Provided material:
=== Section Start ===

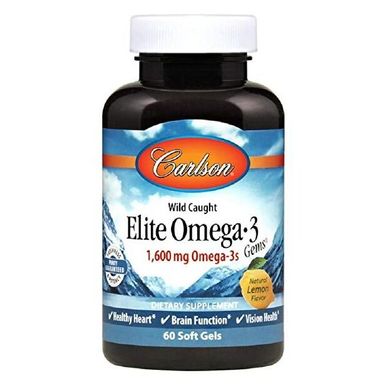 Рыбий жир Омега-3 лимон Carlson Labs (Elite Omega-3) 1600 мг 60 гелевых капсул купить в Киеве и Украине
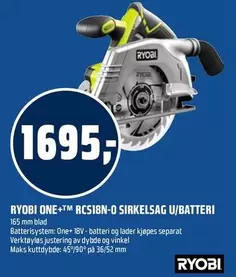 Ryobi - RYOBI ONE+™ RCS18N-O SIRKELSAG U/BATTERI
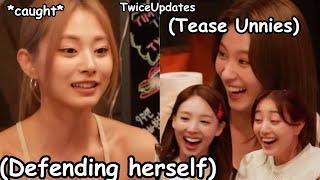 when tzuyu caught by her unnies about this *she can’t defend herself* twice unnies clowning her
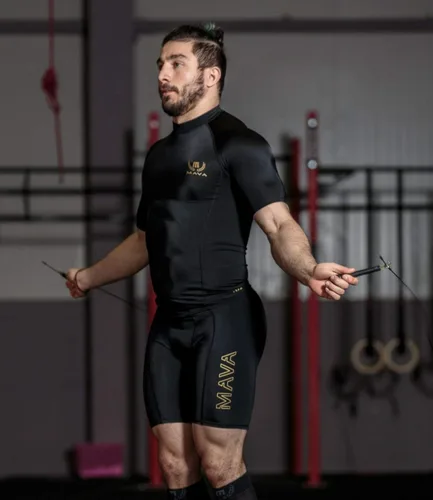 Vista 6 de MAVA Pantalones cortos de compresión deportivos para hombre, capa base deportiva activa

=== Section End ===

About this exercise:
Write the listing above out again exactly, dropping each image.

Your response:
 Рыбий жир Омега-3 лимон Carlson Labs (Elite Omega-3) 1600 мг 60 гелевых капсул купить в Киеве и Украине
 Ryobi - RYOBI ONE+™ RCS18N-O SIRKELSAG U/BATTERI
 when tzuyu caught by her unnies about this *she can’t defend herself* twice unnies clowning her
 Vista 6 de MAVA Pantalones cortos de compresión deportivos para hombre, capa base deportiva activa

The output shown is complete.